• Brief
Please set down only the lines below starting with the line with "Verified Australian Cotton Pique Polo" and going on through the line with "Herbstlaubs Gold Foil Hochzeit DANK", verbatim and without pictures.
━━━━━━
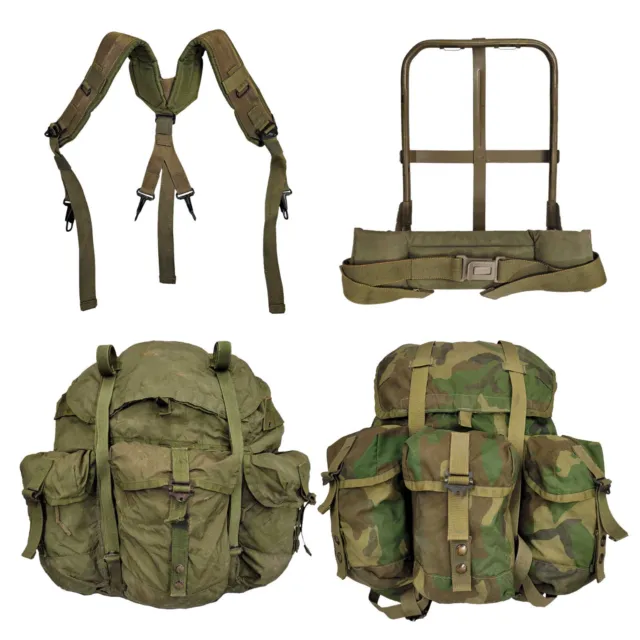 Alice Rucksack Genuine US Day Bag Army Backpack Webbing LC2 Suspender System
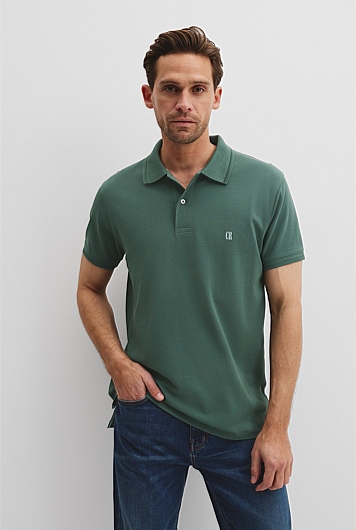Verified Australian Cotton Pique Polo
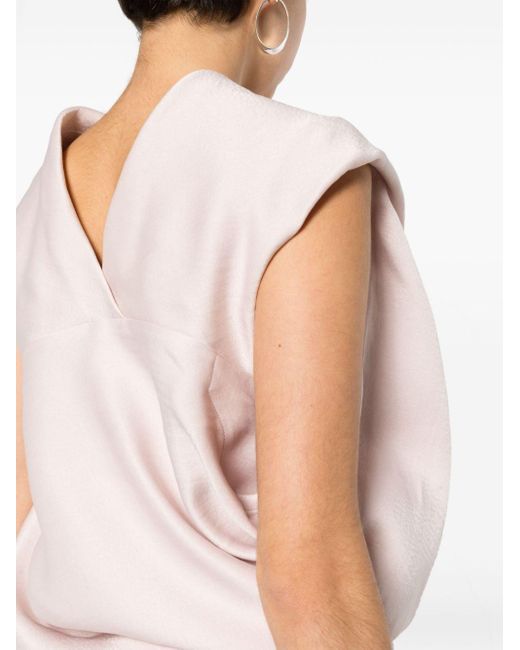 Top drappeggiato di Issey Miyake in Pink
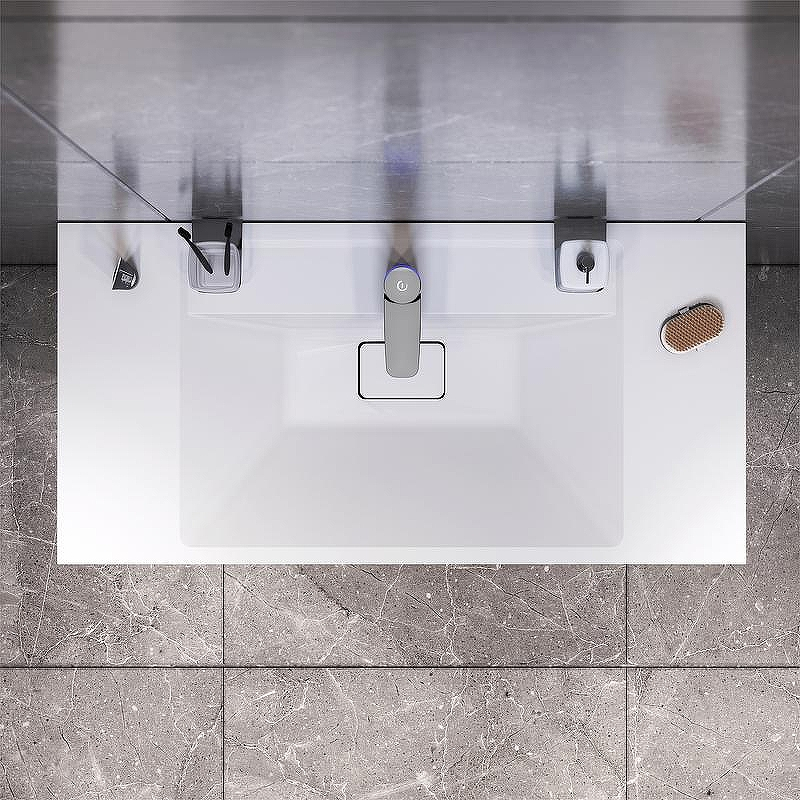 Тумба под раковину AM.PM Inspire V2.0 100 M50AFHX1003EGM подвесная Серая матовая, купить, цена, заказать, магазин, доставка, скидка, промокод, купить, цена, заказать, магазин, доставка, скидка, промокод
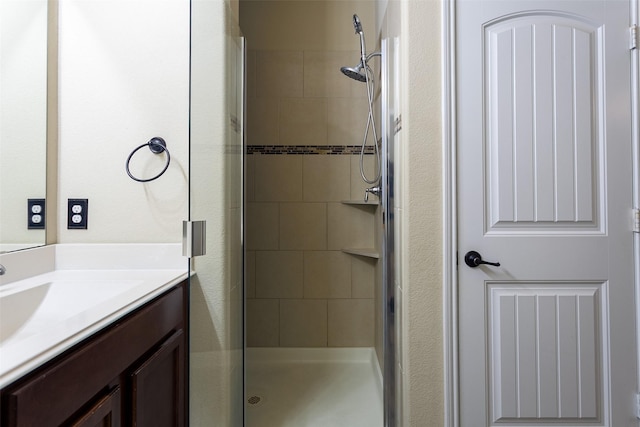 4825 Lazy Oaks St, Fort Worth, TX 76244 - bathroom featuring a stall shower and vanity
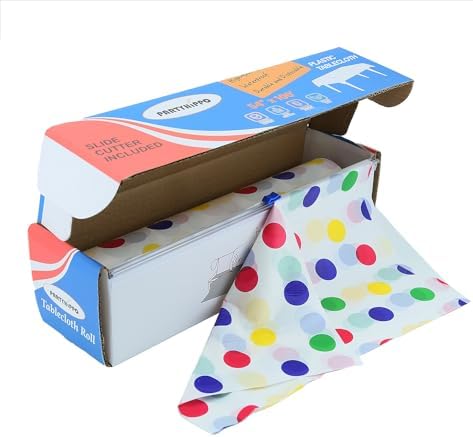PartyHippo Plastic Tablecloth Roll 54 x 100 with Cutter Box 1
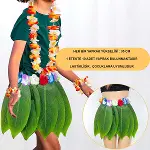 Tropikal Esintili Hawaii Yapraklı Parti Eteği Çocuk Boy (4745)-4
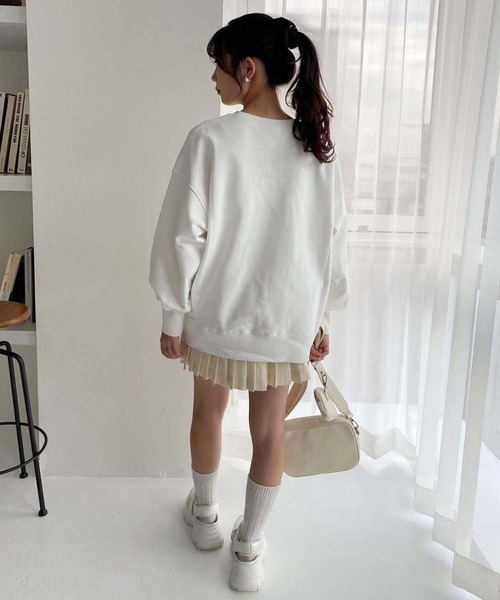 one after another NICE CLAUP(ワンアフターアナザーナイスクラップ)の「アソートプリントスウェット(スウェット・レディース・オフホワイト/ホワイト系その他/杢グレー/ブラック・FREE)」の10枚目の写真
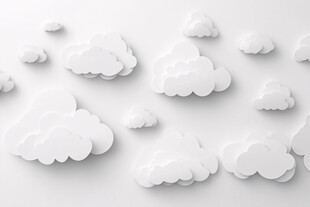 立体云朵背景图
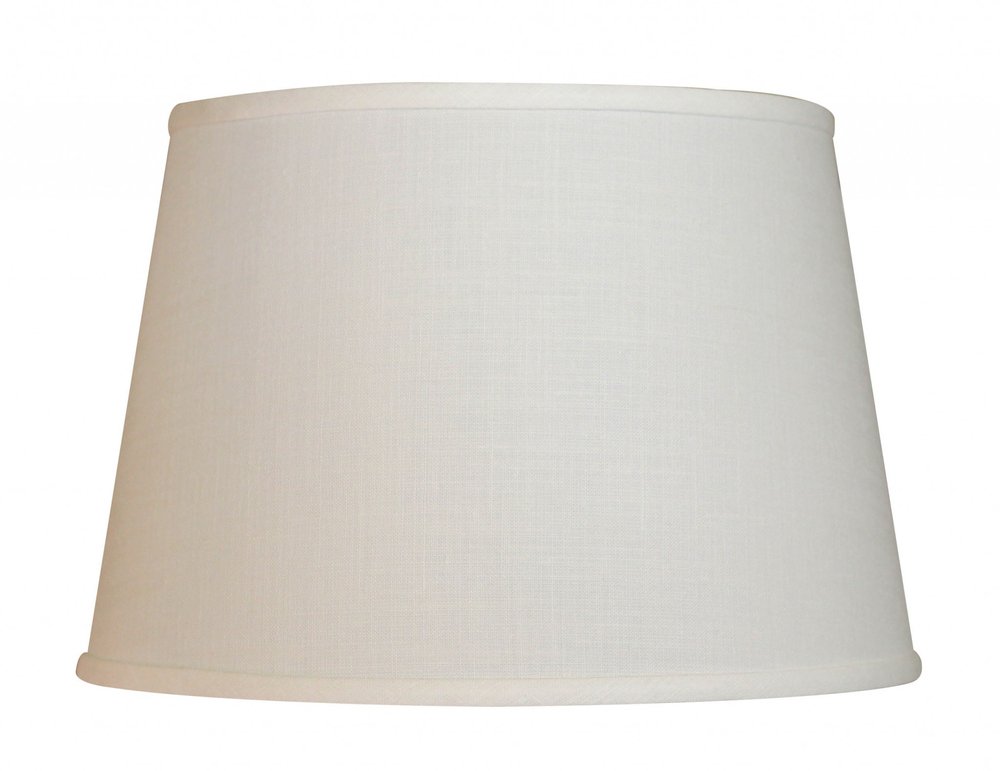 White Linen Empire Lamp Shade on a white background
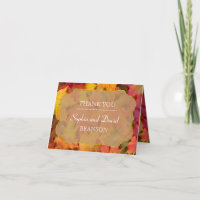 Herbstlaubs Gold Foil Hochzeit DANK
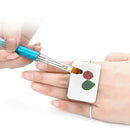 Stainless Steel Palette Adjustable Ring for Nail Art Foundation Mixing Make X6Y4
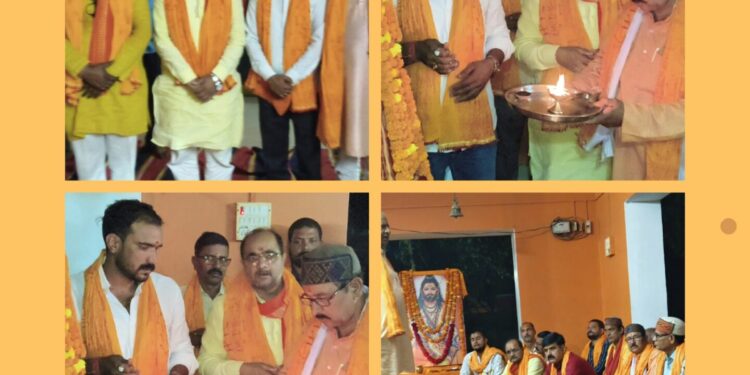 सिंदुरिया में मनाई गई परशुराम जयंती।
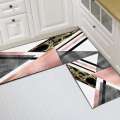 Kitchen cartoon mat long strip absorbent anti slip floor mat household carpet geometric abstract doormat kitchen mat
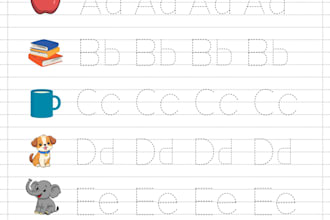 create creative kids worksheets and workbooks for kids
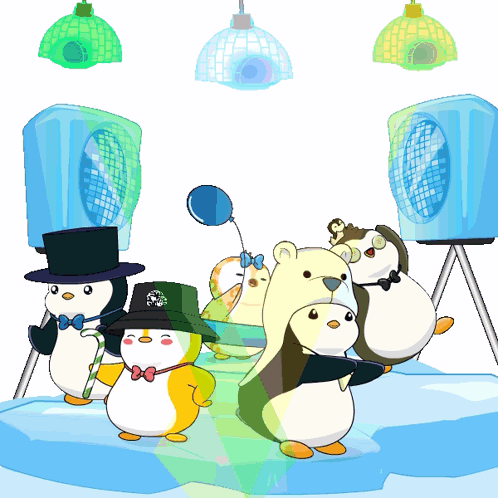 Fiesta Penguin Disco Party GIF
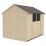 Forest  6' x 8' (Nominal) Apex Overlap Timber Shed with Base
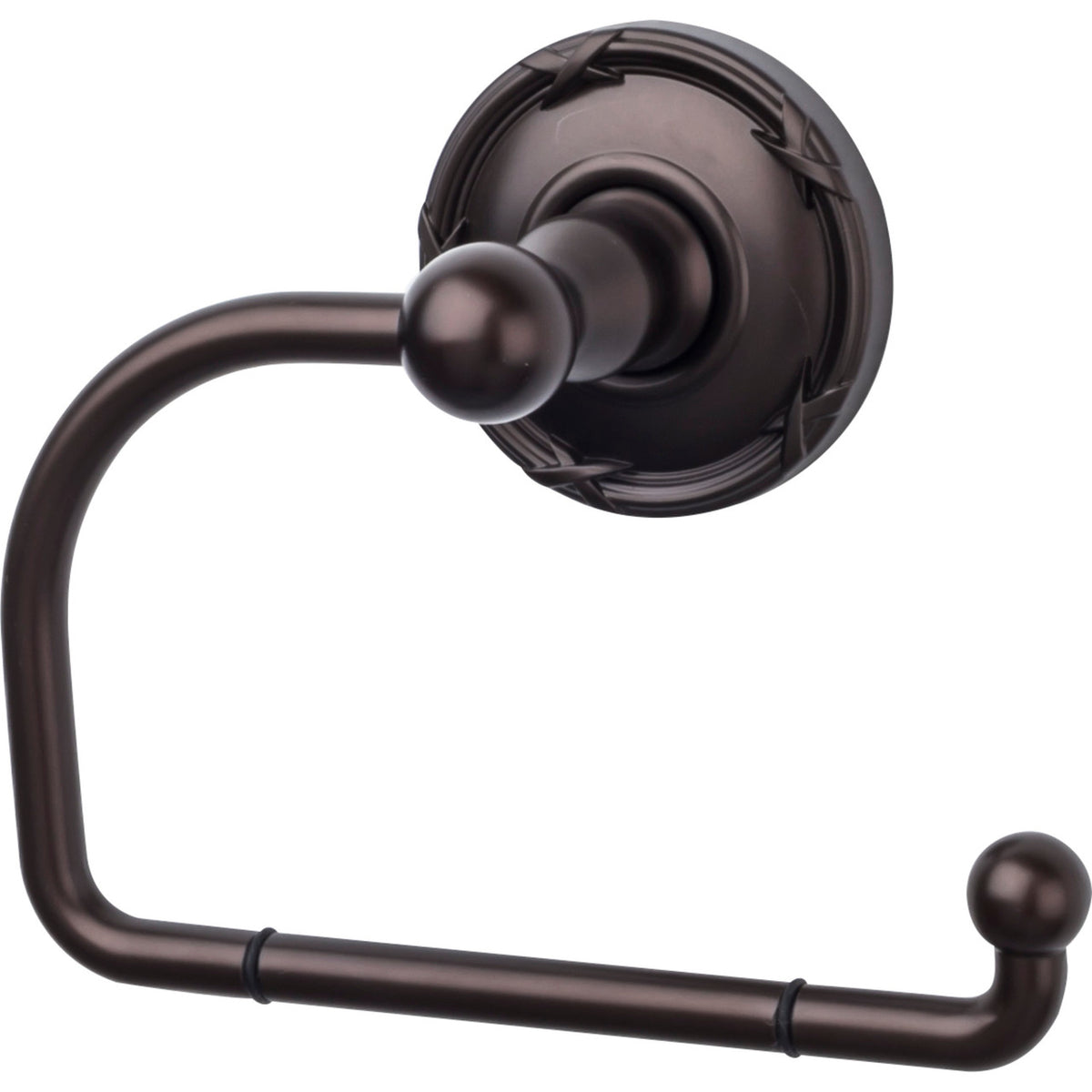 Top Knobs ED4ORBE: Edwardian Bath Single Arm Tissue Roll Holder - Oil Rubbed Bronze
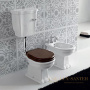сиденье artceram hermitage hea004 71 для унитаза с крышкой softclose, орех/хром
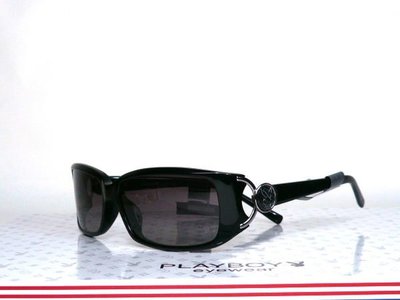 『名家眼鏡』PLAYBOY簍空設計黑色太陽眼鏡 PB-38001【台南成大店】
━━━━━━
• Worked solution
Verified Australian Cotton Pique Polo
 Top drappeggiato di Issey Miyake in Pink
 Тумба под раковину AM.PM Inspire V2.0 100 M50AFHX1003EGM подвесная Серая матовая, купить, цена, заказать, магазин, доставка, скидка, промокод, купить, цена, заказать, магазин, доставка, скидка, промокод
 4825 Lazy Oaks St, Fort Worth, TX 76244 - bathroom featuring a stall shower and vanity
PartyHippo Plastic Tablecloth Roll 54 x 100 with Cutter Box 1
 Tropikal Esintili Hawaii Yapraklı Parti Eteği Çocuk Boy (4745)-4
 one after another NICE CLAUP(ワンアフターアナザーナイスクラップ)の「アソートプリントスウェット(スウェット・レディース・オフホワイト/ホワイト系その他/杢グレー/ブラック・FREE)」の10枚目の写真
 立体云朵背景图
 White Linen Empire Lamp Shade on a white background
 Herbstlaubs Gold Foil Hochzeit DANK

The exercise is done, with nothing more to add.